# Algae On Glass Tops



## 65galhex (Nov 5, 2008)

Does anyone else have a big problem with algae getting all over the bottoms of the glass tops? I feel like the water from either my ac110s splash water or condensation gathers and the lights create a breeding ground for this crap. I dont think that it affects anything negatively other than robbing a bit of light but it just looks gross. Are there any solutions?


----------



## Tensa (Jul 28, 2008)

i know exactly what you mean best bet is to wipe the tops down during water changes. this will prevent buildup and help prevent it from happening.


----------



## 65galhex (Nov 5, 2008)

Yeah I do it every water change. It's just more annoying than anything else. Plus its just gross and smells awful.


----------



## CLUSTER ONE (Aug 2, 2006)

I get it under my light but just don't really bother with it.
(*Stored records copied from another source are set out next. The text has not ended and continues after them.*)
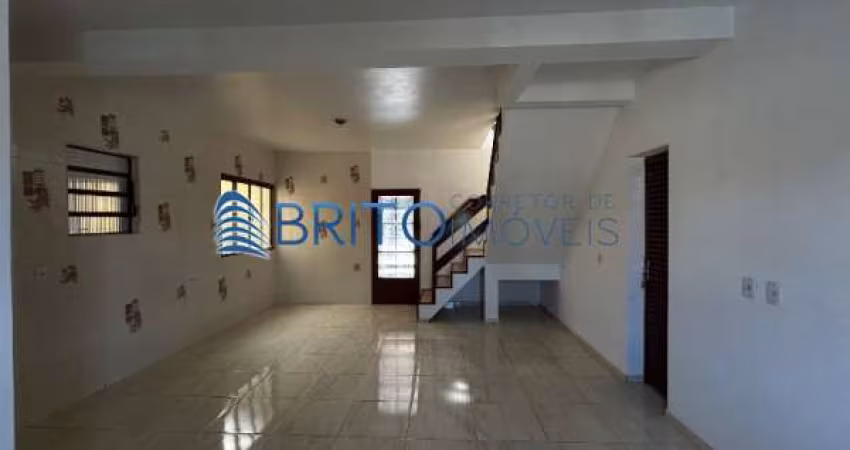 Casa em Vera Cruz-Gravataí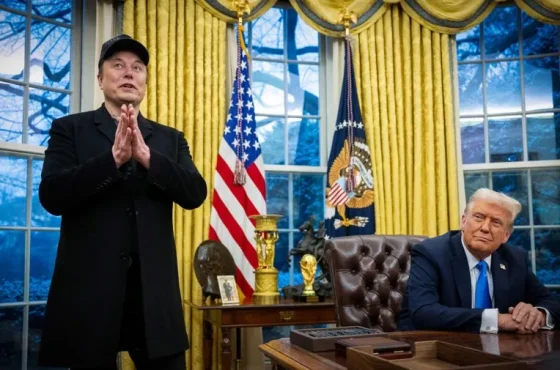 d5ec867e-1f5d-4c16-9bd9-b123cd9a0ef1_900x505 d5ec867e-1f5d-4c16-9bd9-b123cd9a0ef1_900x505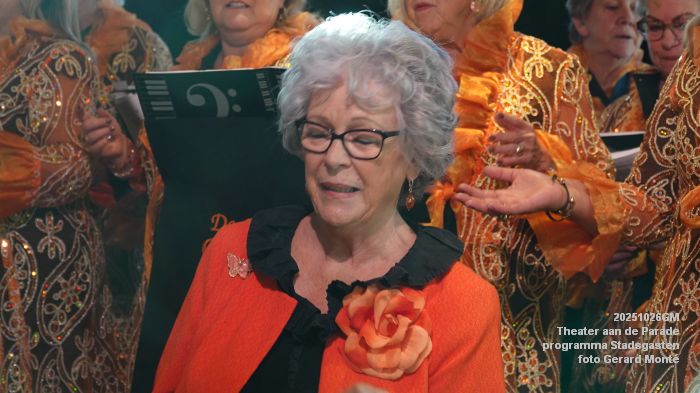 DSC00543- Theater aan de Parade - programma Stadsgasten - 26okt2025 - foto GerardMontE DSC00543- Theater aan de Parade - programma Stadsgasten - 26okt2025 - foto GerardMontE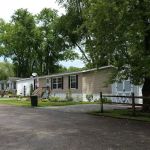 Spring Valley Estates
Occationally I scrape it. I have a spray bar that sometimes gets tilted to hit the lid and a pretty high water level so it is always moist there for it. If you can keep the lid abit dryer you should be able to keep it away. The best way to rid it is to just occationally scrape the lid assuming you cant cut back on the light or keep the lid dryer. Even scraping it every couple months should be enough to keep its quantities negligible.


----------



## 65galhex (Nov 5, 2008)

Yeah the spray bar for my eheim has also been known to cause a bit of a ruckus. I wipe it down every water change usually. I wonder if there was a way to keep the lips tilted so water rolled off instead of being on the glass all of the time. Or what if the light was elevated off the top of the tank a bit? I would imagine that might help the situation out.


----------



## Tensa (Jul 28, 2008)

if you have a odor from the tank i would do a quick water test make sure nothing else is going on. the little bit of algae shouldnt cause a odor.


----------



## maknwar (Jul 16, 2007)

What filters you have? I used to have problems with that until i got canister filters. Emperor hob filters are the worst for doing that.


----------



## 65galhex (Nov 5, 2008)

I have 2 AC110's and 1 eheim 2217. Both of the 110's are new. The water itself doesn't smell but when I am wiping the glass the algae itself smells.


----------



## CLUSTER ONE (Aug 2, 2006)

I would start by tilting the spraybar down. I love the eheim classics but my only compaint is their cheap spray bar. I would rather have it 1 piece plastic or a jet and not a bunch of pieces held together with some soft tubing.

Drop the water level an inch too if you can.


----------



## 65galhex (Nov 5, 2008)

I agree, the eheim is a great filter but that spray bar is certainly cheap quality. I will try to bring the water level down a bit and I have the spray bar submerged under the water at all times.


----------